> **Work to complete**: The reply must consist of the complete listing, reproduced exactly, with no images included.

Material provided START

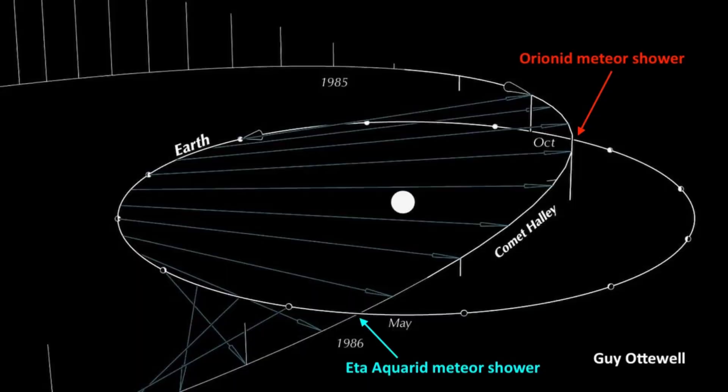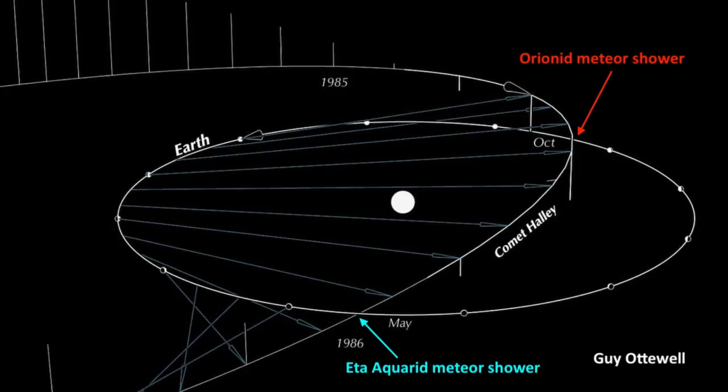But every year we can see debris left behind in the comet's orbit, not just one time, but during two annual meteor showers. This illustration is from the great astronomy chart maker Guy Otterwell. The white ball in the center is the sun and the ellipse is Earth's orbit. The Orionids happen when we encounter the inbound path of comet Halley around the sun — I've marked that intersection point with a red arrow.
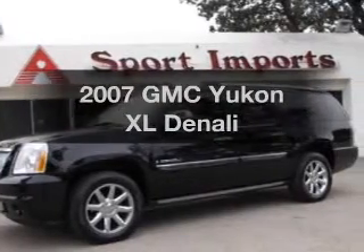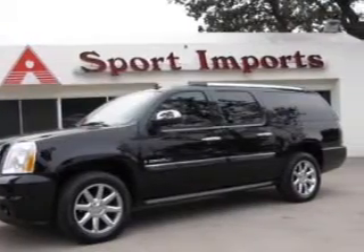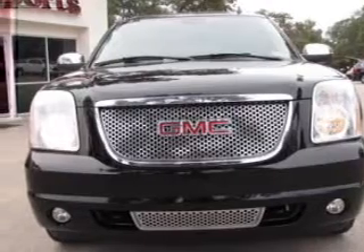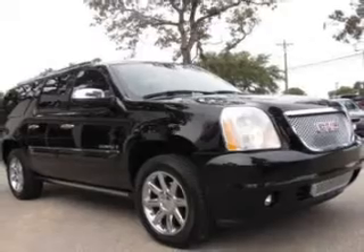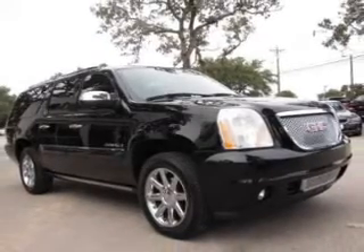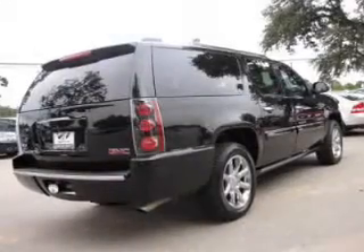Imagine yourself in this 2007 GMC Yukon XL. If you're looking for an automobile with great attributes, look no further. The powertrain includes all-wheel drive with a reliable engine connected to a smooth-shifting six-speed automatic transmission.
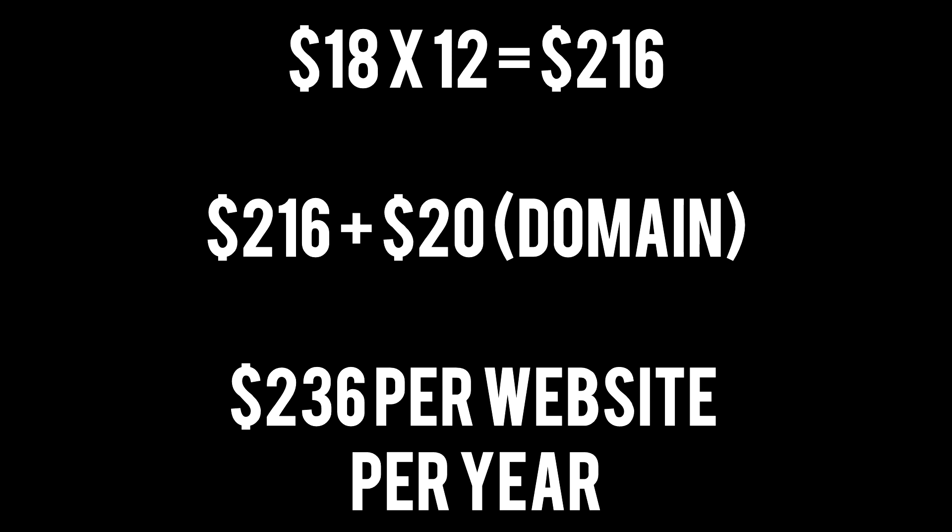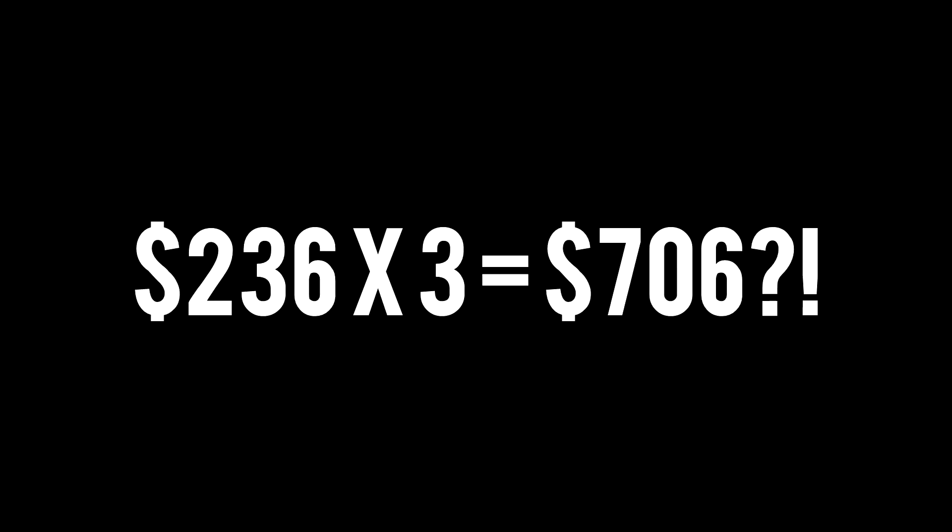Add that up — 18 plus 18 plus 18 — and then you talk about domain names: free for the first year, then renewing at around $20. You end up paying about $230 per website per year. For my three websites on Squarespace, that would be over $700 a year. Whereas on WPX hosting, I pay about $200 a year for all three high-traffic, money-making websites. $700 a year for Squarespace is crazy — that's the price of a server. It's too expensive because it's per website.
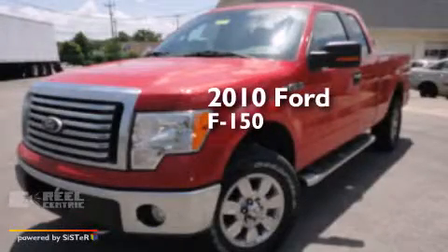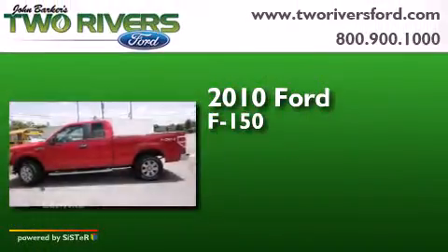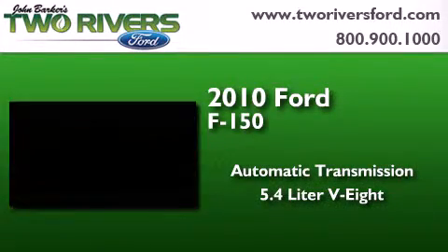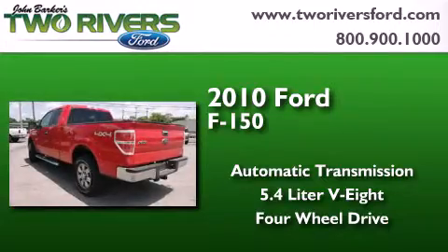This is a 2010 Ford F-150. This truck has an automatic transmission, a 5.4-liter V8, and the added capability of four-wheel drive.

Material provided END

> **Written answer**:
But every year we can see debris left behind in the comet's orbit, not just one time, but during two annual meteor showers. This illustration is from the great astronomy chart maker Guy Otterwell. The white ball in the center is the sun and the ellipse is Earth's orbit. The Orionids happen when we encounter the inbound path of comet Halley around the sun — I've marked that intersection point with a red arrow.
Imagine yourself in this 2007 GMC Yukon XL. If you're looking for an automobile with great attributes, look no further. The powertrain includes all-wheel drive with a reliable engine connected to a smooth-shifting six-speed automatic transmission.
Add that up — 18 plus 18 plus 18 — and then you talk about domain names: free for the first year, then renewing at around $20. You end up paying about $230 per website per year. For my three websites on Squarespace, that would be over $700 a year. Whereas on WPX hosting, I pay about $200 a year for all three high-traffic, money-making websites. $700 a year for Squarespace is crazy — that's the price of a server. It's too expensive because it's per website.
This is a 2010 Ford F-150. This truck has an automatic transmission, a 5.4-liter V8, and the added capability of four-wheel drive.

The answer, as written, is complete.